Ada sesuatu yang akhirnya bisa Salwa mengerti dan itu membuat jantungnya seperti diremas. Perih. Salwa butuh waktu untuk biasa mengambil oksigen yang ada di udara dengan bebas.
Kembali hening.
"Salwa!"
Ayah, Ibu, dan Daffa, bahkan Dian, mereka mencari Salwa yang mendadak hilang dari ranjangnya. Mereka terlihat sangat panik dan ketakutan. Salwa kembali merasa bersalah. Membuat khawatir, membuat masalah. Selalu berulang.
Seketika itu juga Salwa digiring untuk beristirahat. Untuk kembali ke kamarnya.
Ayah, Ibu, Daffa, dan Dian, semua berada di kamar rawat Salwa. Perawat yang tadi dia abaikan memarahi dan mengomelinya banyak hal. Ayah dan Ibu mewakili Salwa meminta maaf.
Begitu perawat telah pergi, Dian dan Daffa sama-sama tertawa.
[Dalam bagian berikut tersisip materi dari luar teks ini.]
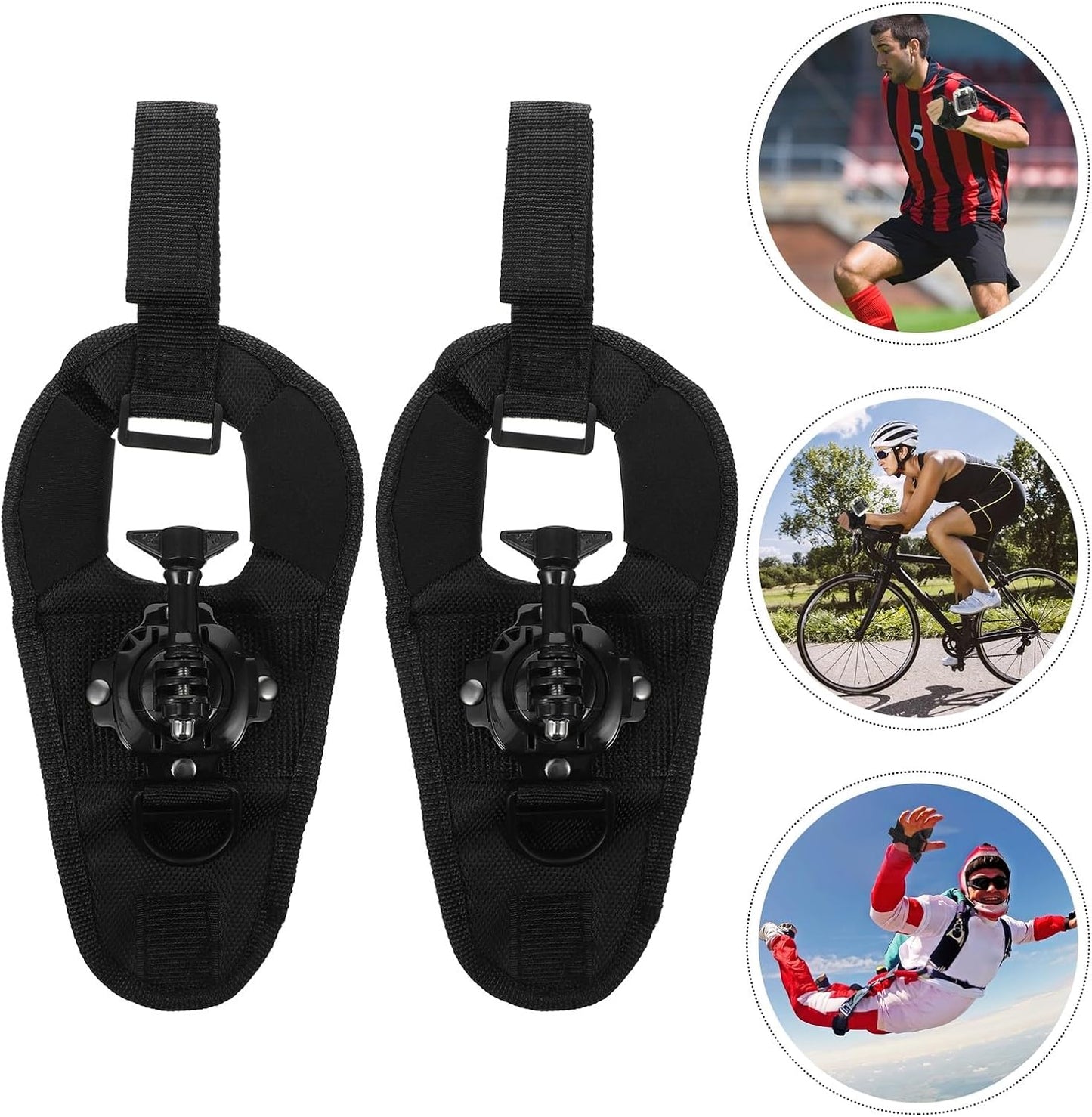 2pcs 360 Lurrose Degree Rotary Nylon Camera Arm Band and Hand Strap Wrist Mount for Action Cameras, Adjustable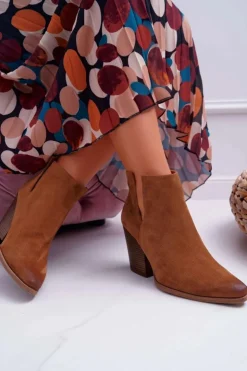 Damskie Boto Botki Damskie Na Obcasie Wiosenne Skóra Zamsz Brązowe Nicole 2430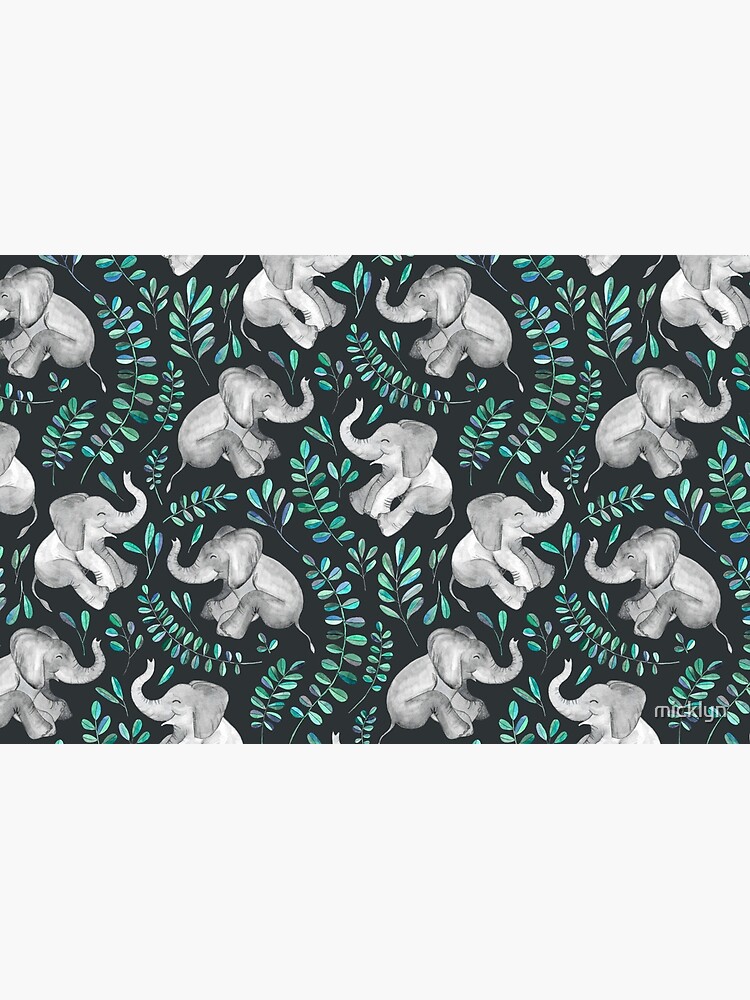 Laughing Baby Elephants – emerald and turquoise by micklyn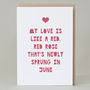 'My Love Is Like A Red Red Rose' Card, thumbnail 1 of 4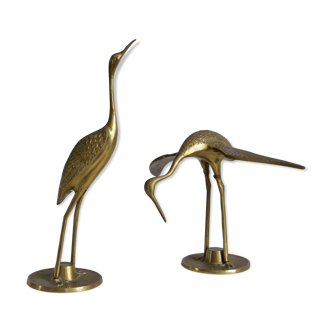 Couple de hérons en laiton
Tampaknya Daffa sudah berhenti merajuk.
Ayah menyuruh Salwa berbaring saja agar bisa segera pulih dan pulang ke rumah. Ibu mengupaskan jeruk. Sementara Daffa hanya duduk saja di temani gaget yang tidak bisa lepas dari tangannya.
Sesekali Daffa akan bertanya mengenai apa yang Salwa dan Dian alami. Jika sudah sekali bertanya, Daffa akan terus bertanya seperti seorang polisi yang sedang mengintrogasi tersangka. Daffa baru bisa diam jika Ayah atau Ibu yang angkat bicara.
"Kamu sedang apa?" Protes Salwa karena tiba-tiba Dian naik ke ranjangnya. "Kembali ke ruanganmu sendiri, sana!" tambahnya mengusir.
"Aku sudah enggak kuat jalan lagi," Dian beralasan dan berbaring dengan nyaman di sebelah Salwa. "Lagipula kamu ini jahat sekali. Aku ini temanmu, aku yang datang membantu, tapi kamu hanya menghawatirkan anak laki-laki itu. Sama sekali enggak menanyakan keadaanku." Dian balik memprotes.
Dian menunjuk memar-memar yang ada di wajahnya. Kening di plaster dan tangan kanannya yang cedera digantung. Saat berjalan langkahnya juga masih terpincang-pincang. Padahal yang diselamatkan adalah Salwa, tapi justru Dian yang banyak terluka.
Kepala Salwa memang diperban tapi hanya gegar otak ringan. Badanya memang sakit semua, wajahnya juga memar karena di pukul Fahim beberapa kali, tapi cederanya tidak lebih banyak dari fisik Dian atau mental anak laki-laki itu.
Benar. Dian sudah beberapa kali menyelamatkan Salwa. Sebenarnya bukan tidak khawatir, Salwa tahu Dian adalah gadis yang sangat kuat. Sebesar apapun badai yang datang, sebesar itu pula kekuatannya mampu memberi bantuan. Dian selalu bisa mengobati lukanya.
Salwa sungguh mengagumi Dian. Keberaniannya, kekuatannya, dan kemampuannya pulih dari luka.
"Enggak apa-apa. Nanti Ibu yang akan bilang ke dokter untuk memindahkan Dian ke ruangan yang sama dengan Salwa. Lagipula pasien di ranjang sebelah baru keluar hari ini." Ibu angkat bicara.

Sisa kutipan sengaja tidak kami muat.